Tak jarang kita pun lalu terbawa arus, ikut-ikutan jadi gemas, geram, bahkan—sadar maupun tidak—ikut menyerang dan menyebarkan konten-konten provokatif.
Ratih Ibrahim, psikolog dari Personal Growth, membenarkan bahwa dorongan emosi juga membuat sebagian orang mencari informasi bukan untuk mencari kebenaran, melainkan untuk mencari pembenaran atas apa yang sudah mereka asumsikan.
Yang mereka lakukan hanya mencari pelampiasan yang akan berujung kepada perpecahan. Mencipta konflik tak hanya kepada kolega, teman, bahkan kepada saudara sendiri.

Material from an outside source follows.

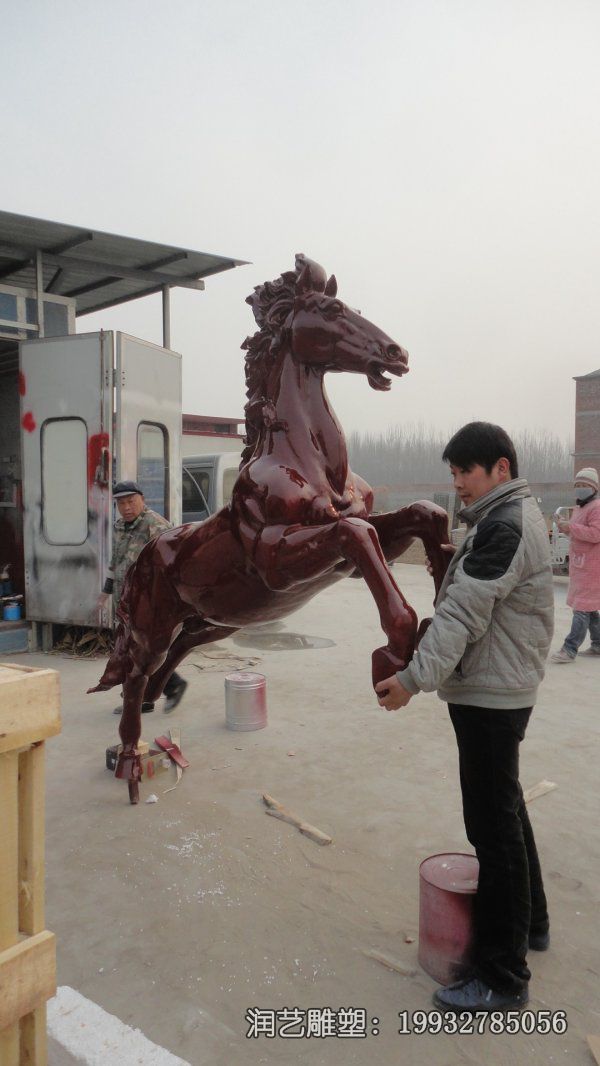 广场玻璃钢马雕塑 广场玻璃钢马雕塑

Ratih mengatakan, nasihat agar kita menahan diri supaya tidak terperosok lebih jauh ke dalam konflik memang lebih mudah diucapkan ketimbang dilakukan. Menerima ajakan melakukan rekonsiliasi, apalagi bila ajakan ini datangnya dari pihak ‘musuh’, pastinya terdengar seperti lelucon yang tak lucu dan rasanya mustahil bisa dilakukan.

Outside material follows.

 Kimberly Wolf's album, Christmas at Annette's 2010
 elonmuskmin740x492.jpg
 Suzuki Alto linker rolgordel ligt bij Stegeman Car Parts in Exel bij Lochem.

Emosi memang bisa memicu irasional. Bayangkan saja, kita sama sekali tidak kenal secara pribadi dengan Basuki Tjahaya Purnama, Djarot Saiful Hidayat, Anies Baswedan, atau Sandiaga Uno. Tapi, kita rela tarik urat, berkelahi, bahkan mempertaruhkan nyawa demi membela mereka. Emosi yang tidak dikelola dengan baik memang bisa menciptakan fanatisme yang tak sehat. Dan tak masuk akal.
Namun, selama ada niat baik, tentunya kita bisa mengembalikan hubungan ke kondisi semula, ke masa-masa sebelum terjadinya konflik. “Yang terpenting ada niatnya dulu, karena memang harus ada yang berinisiatif memadamkam api (ego) tersebut—dari pihak mana pun. Yang pasti, awalnya akan ada rasa canggung, juga gengsi, setelah lama diam-diaman. Tapi biasanya rasa itu pelan-pelan akan hilang—tentunya asalkan tidak diungkit-ungkit lagi,” ujar Ratih.
Syarat kedua adalah memilah-milah informasi yang masuk. Memang tak mudah memilah antara fakta dan kebohongan di era ‘tsunami informasi’ seperti sekarang ini. Apalagi, informasi palsu memang kerap didesain untuk memanipulasi emosi pengguna internet dan menyisihkan rasionalitas.